What this task involves
Restate the whole of the data below word for word, skipping the images.

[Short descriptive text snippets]
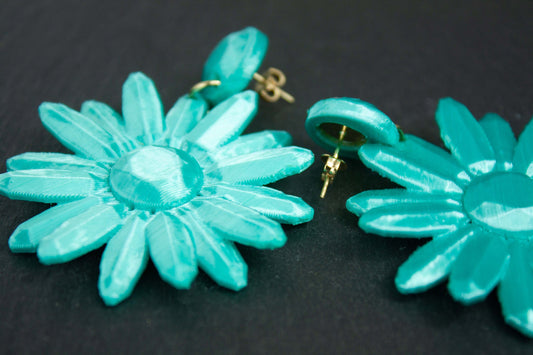 Sevilha earrings, in a silky turquoise color like the sea.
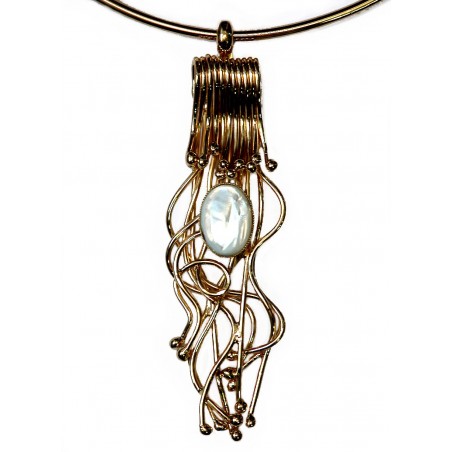 Collier aérien, moderne, bijou artisanal avec une pierre fine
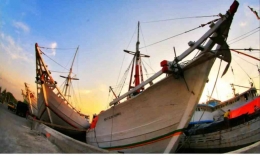 Perahu Pinisi khas Bugis-Makassar sandar di Pelabuhan Sunda Kelapa, Jakarta Utara (dhaverst.wordpress.com /Nur Terbit) 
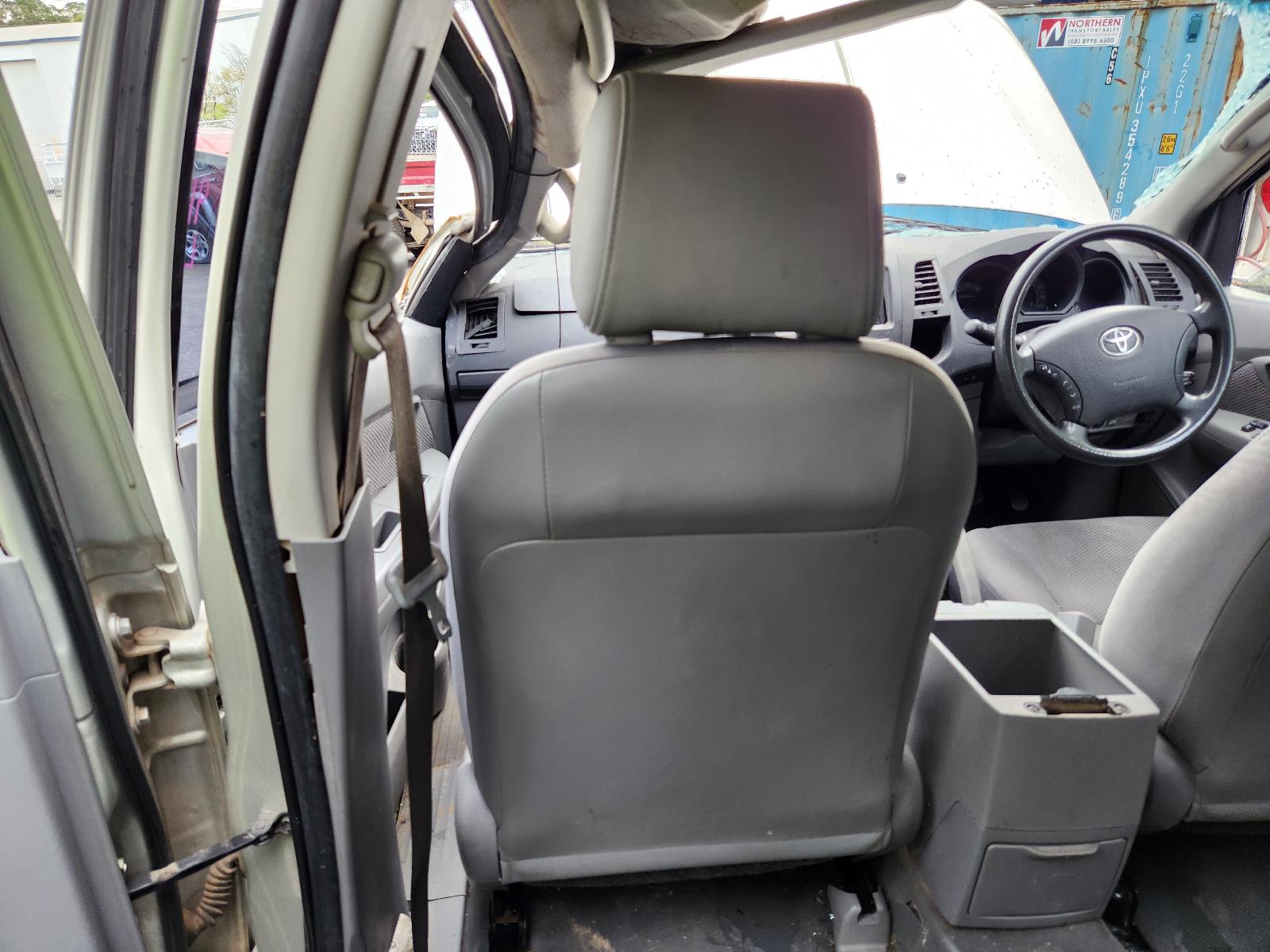 Toyota Hilux 2010 4 Door Utility View Toyota Hilux 2010 4 Door Utility
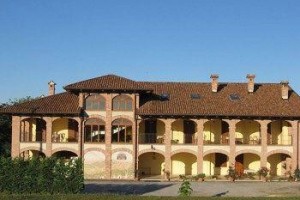Enolocanda del Tufo voted  best hotel in Dogliani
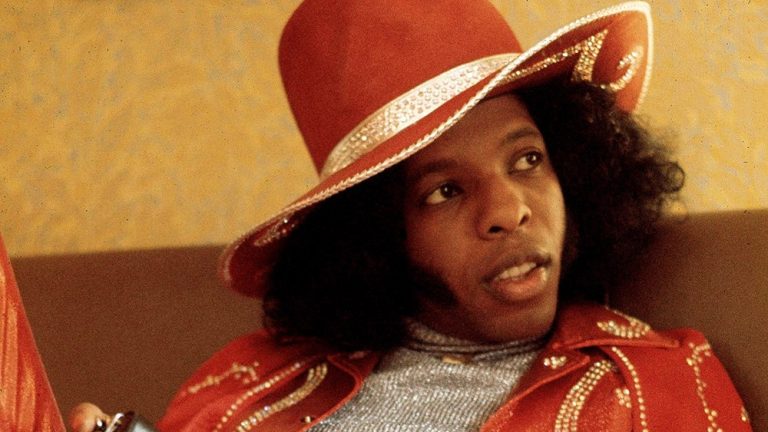 Pioneiro do Funk-Rock que liderou a Family Stone faleceu aos 82 anos Pioneiro do Funk-Rock que liderou a Family Stone faleceu aos 82 anos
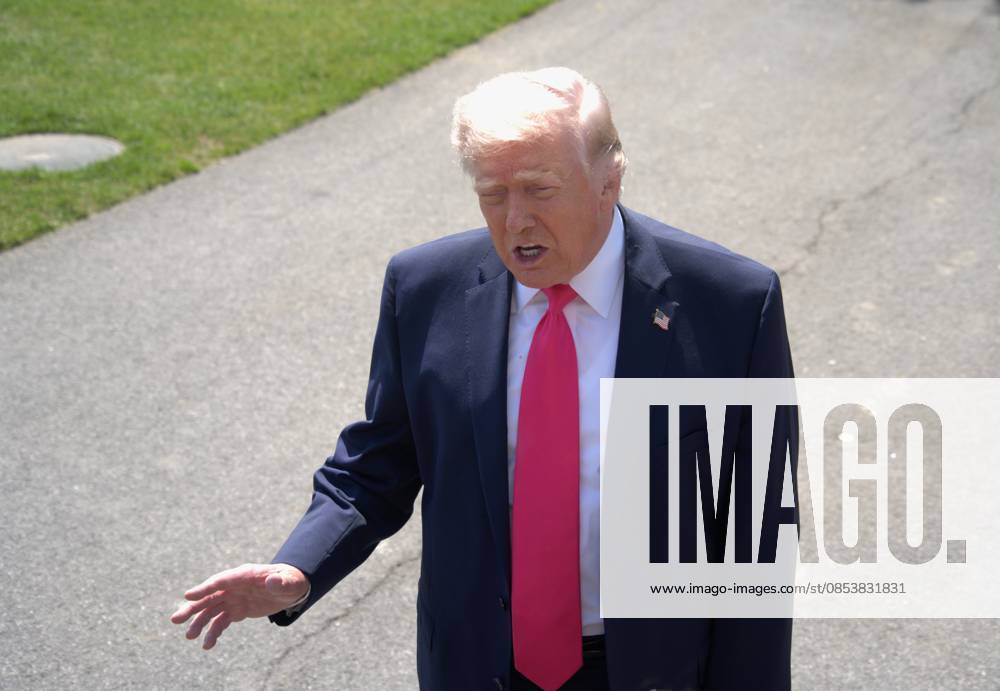 (260416) -- WASHINGTON, April 16, 2026 -- U.S. President Donald Trump speaks to the press on the South Lawn of the White House in Washington, D.C., the United States, April 16, 2026. Trump said Thursday he would consider visiting Pakistan if a peace deal is reached between the United States and Iran to end the weekslong conflict. (Photo by Li Yuanqing Xinhua) U.S.-WASHINGTON, D.C.-WHITE HOUSE-TRUMP-IRAN-PEACE DEAL LixRui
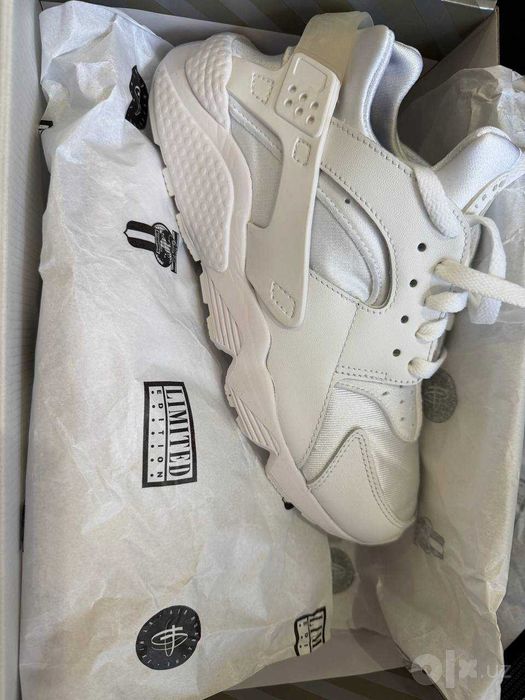 Кроссовки мужские Nike Air Huarache! Новые в коробке! Оригинал Nike!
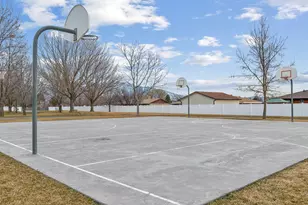 2901 W Table Rock Dr, Taylorsville, UT 84129 - Photo 35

Response area
 Sevilha earrings, in a silky turquoise color like the sea.
 Collier aérien, moderne, bijou artisanal avec une pierre fine
 Perahu Pinisi khas Bugis-Makassar sandar di Pelabuhan Sunda Kelapa, Jakarta Utara (dhaverst.wordpress.com /Nur Terbit) 
 Toyota Hilux 2010 4 Door Utility View Toyota Hilux 2010 4 Door Utility
Enolocanda del Tufo voted  best hotel in Dogliani
 Pioneiro do Funk-Rock que liderou a Family Stone faleceu aos 82 anos Pioneiro do Funk-Rock que liderou a Family Stone faleceu aos 82 anos
 (260416) -- WASHINGTON, April 16, 2026 -- U.S. President Donald Trump speaks to the press on the South Lawn of the White House in Washington, D.C., the United States, April 16, 2026. Trump said Thursday he would consider visiting Pakistan if a peace deal is reached between the United States and Iran to end the weekslong conflict. (Photo by Li Yuanqing Xinhua) U.S.-WASHINGTON, D.C.-WHITE HOUSE-TRUMP-IRAN-PEACE DEAL LixRui
 Кроссовки мужские Nike Air Huarache! Новые в коробке! Оригинал Nike!
 2901 W Table Rock Dr, Taylorsville, UT 84129 - Photo 35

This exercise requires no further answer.